When can Short Circuiting be beneficial
Short circuit optimizations can be helpful only when:
Mathematically, let S be cost of Short Circuiting condition, F cost of full condition, and P be percent of cases where Short Circuiting happens (full condition is not necessary).
The average cost of original case (no Short Circuiting) is F
The average cost of Short Circuiting optimization is S + F * (1-P)
Therefore, if the optimization is to have any benefit at all, following must apply:
S + F * (1-P) < F
i.e.
S < F*P
String comparison cost
Further you wrote:
which obviously takes more time then simple integer comparison.

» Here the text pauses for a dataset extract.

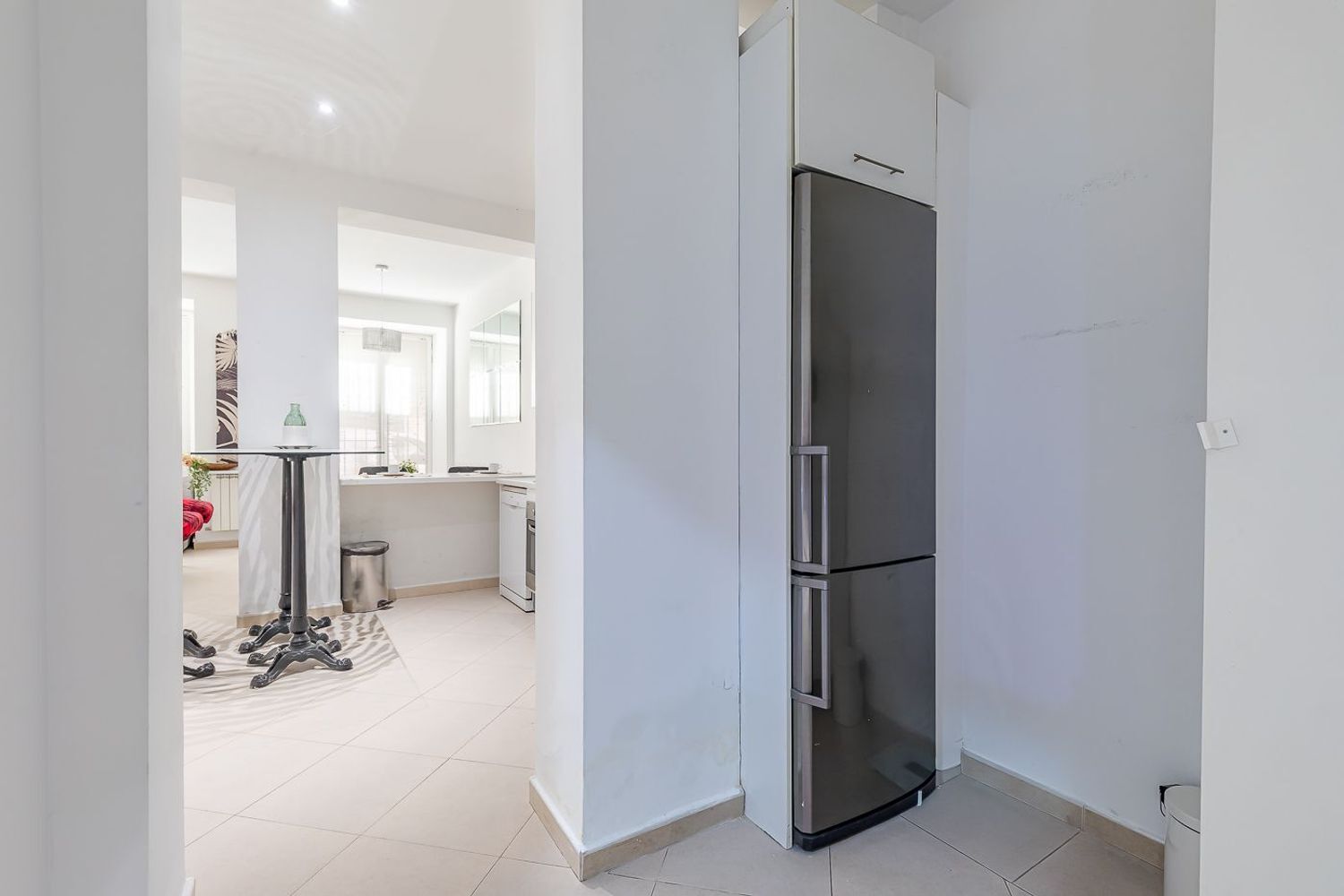 Apartment in Madrid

This is not obvious at all. The string comparison terminates when first difference is found, therefore depending on what strings you process, it may terminate on first or second character in vast majority of cases. Moreover, the comparison may be optimized even for longer strings by first comparing DWORDS (4 characters at once) as long as there is enough data in both strings.
Your case
The major difference between random test data and scripting parsing is the real data are far from random. The parser is most likely deterministic, and once it matches, it does not compare any more. Even the script data are not random - some keywords are likely to be used a lot more than other ones. If the parser is constructed in such a way it checks most commonly used keyword first, a surprisingly high number of comparisons may need the full compare to be done, as full compare always needs to be done when string are matching.
The implementation of the std::string operator== has no way of knowing whether it would be faster to check the length first or start checking characters. Clearly checking the length is a waste for strings of the same length. Therefore, different implementations of STL are likely to perform differently.

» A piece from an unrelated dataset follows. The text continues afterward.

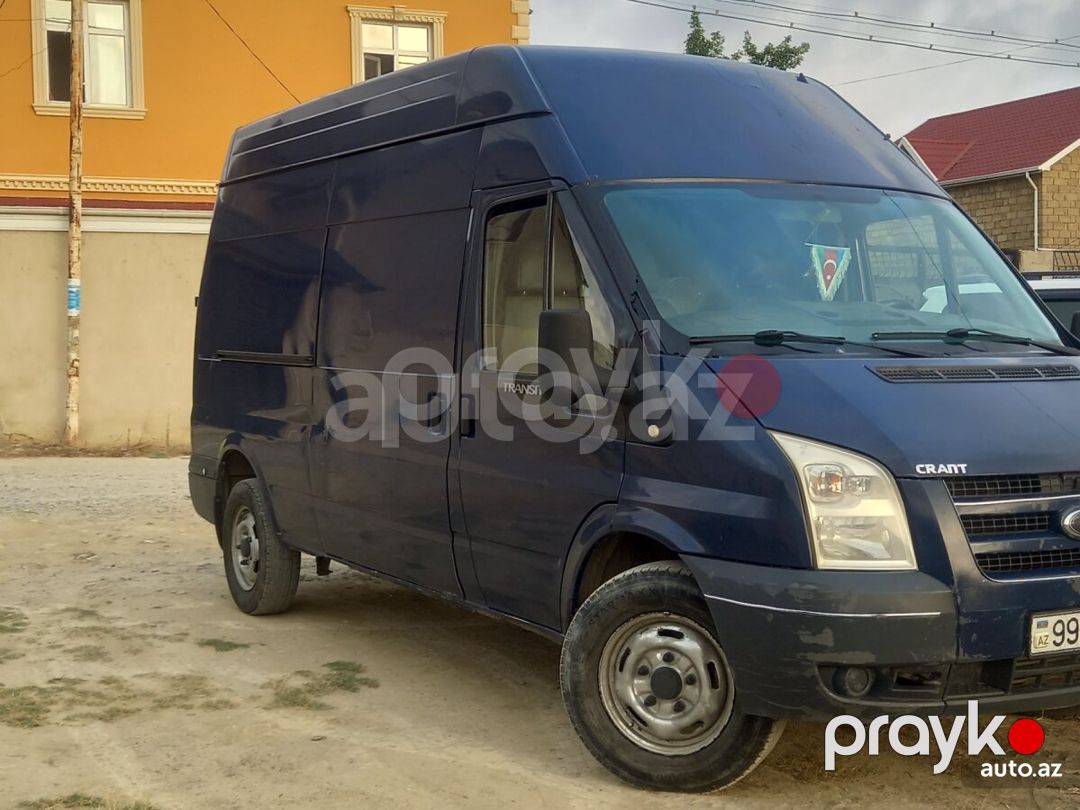Ford Transit, 2007 — Avtomobillər, Bakı (2)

Only put the explicit length check in as a final optimisation (clearly commented as such), and only if your profiler confirms the benefit.
The length of the std::string is quite likely a member of the std::string object. In comparison, the first character might very well be on the heap. That means that comparing the string length improves locality of reference. Of course, with the short-string optimization this becomes even more complex -
Lhs[0]
might be on the heap whileRhs[0]
is on the stack.